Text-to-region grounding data

*****

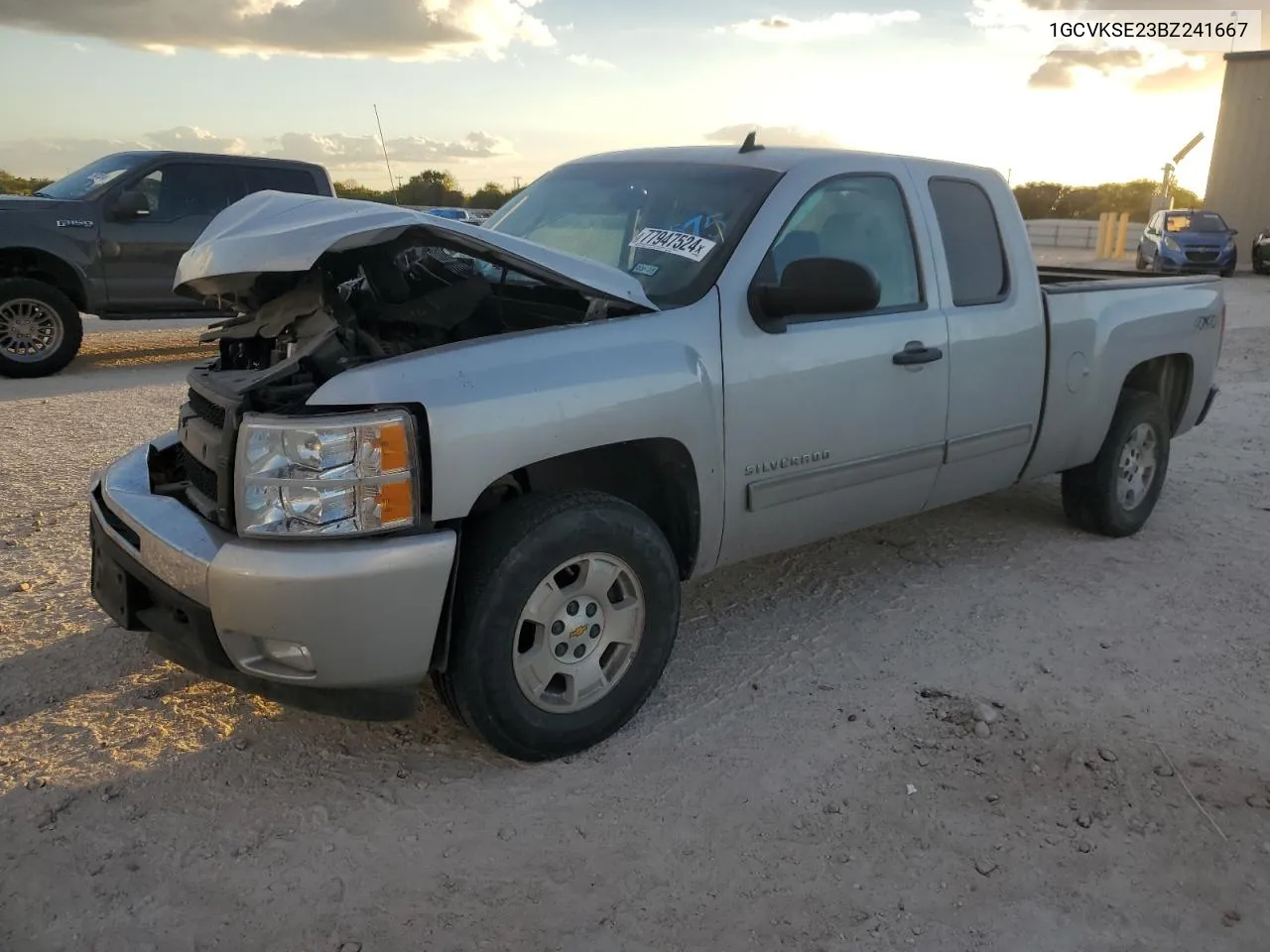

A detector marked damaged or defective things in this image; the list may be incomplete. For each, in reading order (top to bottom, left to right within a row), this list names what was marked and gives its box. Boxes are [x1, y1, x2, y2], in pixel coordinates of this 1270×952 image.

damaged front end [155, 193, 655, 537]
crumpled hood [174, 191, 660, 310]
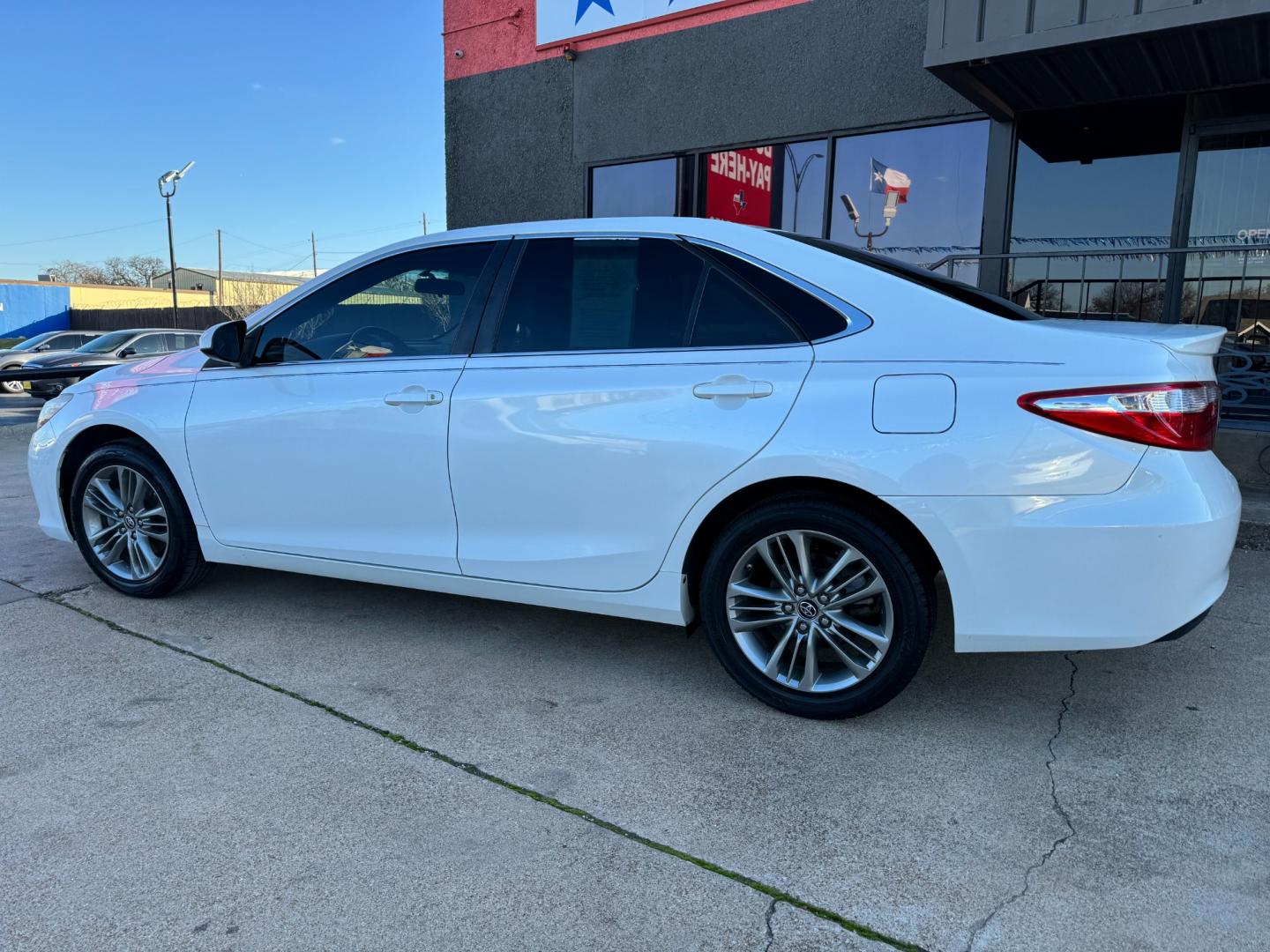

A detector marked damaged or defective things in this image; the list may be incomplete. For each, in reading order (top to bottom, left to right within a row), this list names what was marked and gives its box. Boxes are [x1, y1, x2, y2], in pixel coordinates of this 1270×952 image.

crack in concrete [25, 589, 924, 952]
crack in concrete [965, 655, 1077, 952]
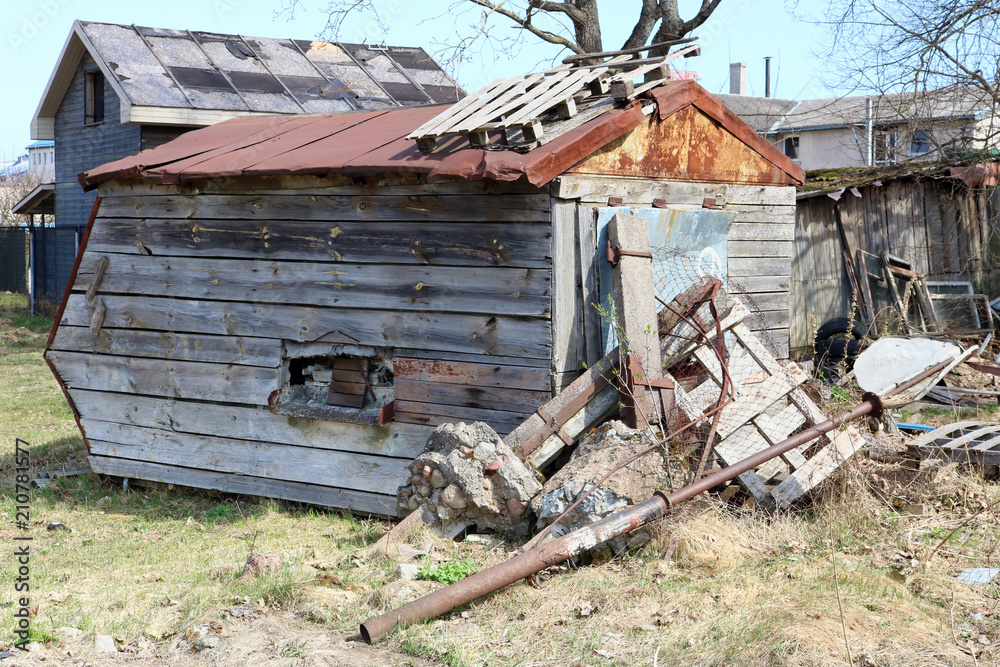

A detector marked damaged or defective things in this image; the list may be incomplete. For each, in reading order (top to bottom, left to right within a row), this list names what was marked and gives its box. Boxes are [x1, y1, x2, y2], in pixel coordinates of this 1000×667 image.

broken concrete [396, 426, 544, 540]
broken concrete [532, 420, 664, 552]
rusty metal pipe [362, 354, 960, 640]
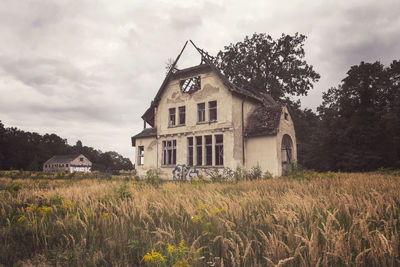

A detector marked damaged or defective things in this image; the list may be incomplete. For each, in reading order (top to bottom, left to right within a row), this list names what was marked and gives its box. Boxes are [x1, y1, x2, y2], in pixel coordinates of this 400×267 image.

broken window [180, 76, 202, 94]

*****

Your task is to copy exactly, and only, the lines from the line with "this 400×267 image." through the last line of the entries, both included.

- _Solution to the problem_:
A detector marked damaged or defective things in this image; the list may be incomplete. For each, in reading order (top to bottom, left to right within a row), this list names what was marked and gives its box. Boxes are [x1, y1, x2, y2], in pixel coordinates of this 400×267 image.

broken window [180, 76, 202, 94]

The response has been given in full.